I guess I am a little confused, though. Did they make the 10ML60D for a number of years? I have two with that model number, and know of a third one. All three have the rounded-top chute, 6hp engines and the 1/2 open-side buckets. The one in the picture has a seven horse, with fully enclosed side bucket and squared off chute top. Can that still have that model number?


----------



## sscotsman (Dec 8, 2010)

Looks like its a mixed and matched machine..
The tractor unit, the bucket attachment, and the engine are likely from three different machines originally, and someone put them all together to make a working snowblower..

The tractor unit is most likely a 1963 or 64 "first series" unit.
The bucket is from a 1968 to 1973 10,000 series.
And the engine looks like a 1980's Tecumseh.

None of this is a big deal if everything works! which it seems it does...

Scot


----------



## Elt31987 (Sep 6, 2015)

The Tractor body says Ser. No. 10ML60D

The Bucket says Mod No. 10995 Ser. 043588

The Motor i cant find any numbers or maybe i don't know where to look but the engine is clearly a replacement.

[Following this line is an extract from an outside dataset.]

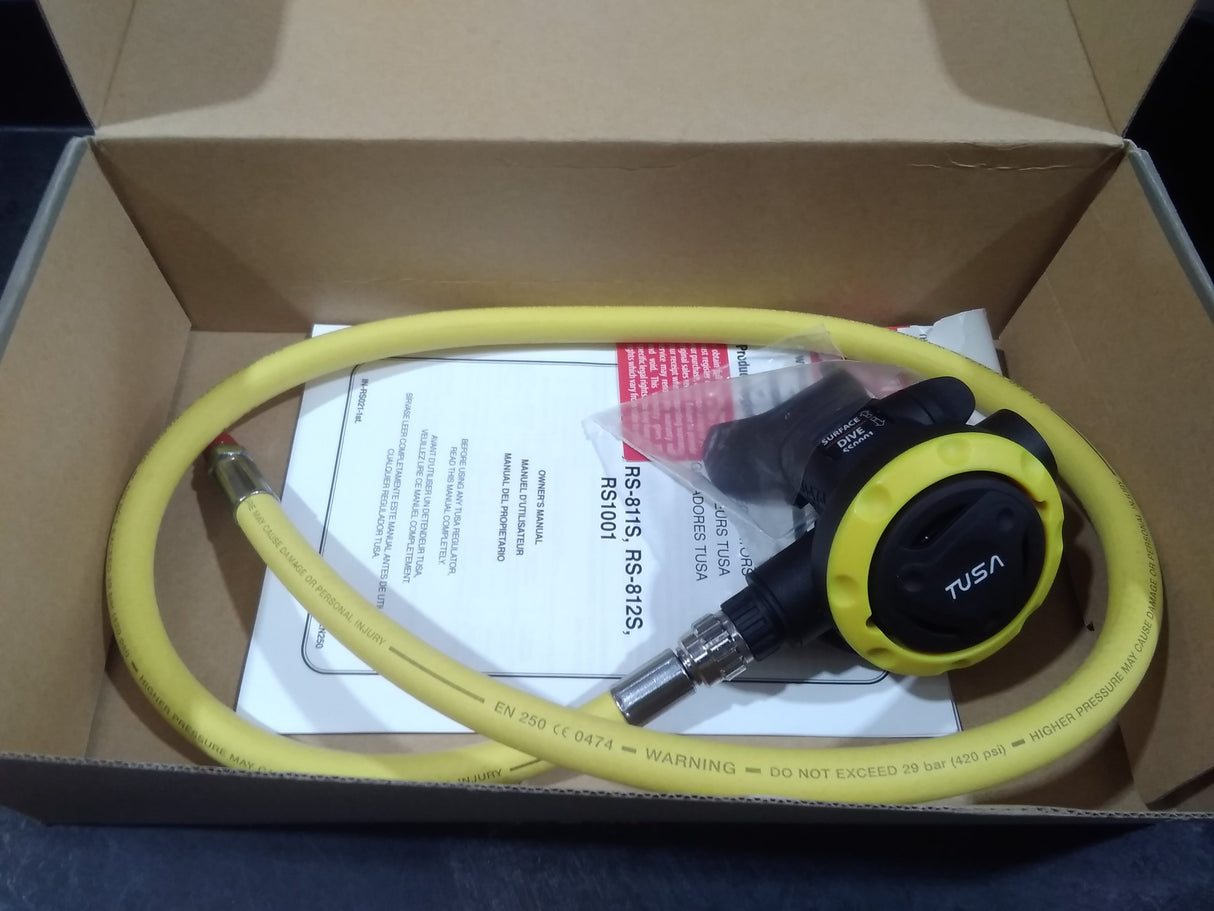 Open Box TUSA SS-0001 Safe Second Octopus-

Didn't the first series NOT come with the 2 disconnect levers?


----------



## sscotsman (Dec 8, 2010)

Elt31987 said:


> The Tractor body says Ser. No. 10ML60D


As far as I know, that model number was only used in the "first series", and did not extend into the 10,000 series. Its possible it might have been used in 1965 with the earliest models of the 10,000 series, but I doubt it..but we know the bucket isn't 1965 anyway!  So im going to say its 99% likely the tractor is a '63 or '64 first series.



Elt31987 said:


> The Bucket says Mod No. 10995 Ser. 043588


That's a 1970 10,000 series bucket.



Elt31987 said:


> Didn't the first series NOT come with the 2 disconnect levers?


That part is a bit of a mystery..the "Sno-Thro clutch" auger on/off lever is part of the bucket attachment, not part of the tractor..so that lever is easy to explain..it just came along with the bucket! 










But the "tractor clutch lever" goes with the tractor, not the bucket:










And your machine does have the 10,000 series tractor clutch lever, and not the first series lever..

I haven't see enough machines "taken apart" to be totally clear how that works..but I have seen other instances of 10,000 series buckets mated to first series tractors, so I know it can be done..I imagine somehow the first series tractor lever gets replaced by a 10,000 series tractor lever..but im not sure how that is done exactly..

whoever did this conversion likely had a stash of parts, since they combined bits of three different snowblowers together..so it makes sense that they also had a 10,000 series tractor clutch lever to add to the project as well..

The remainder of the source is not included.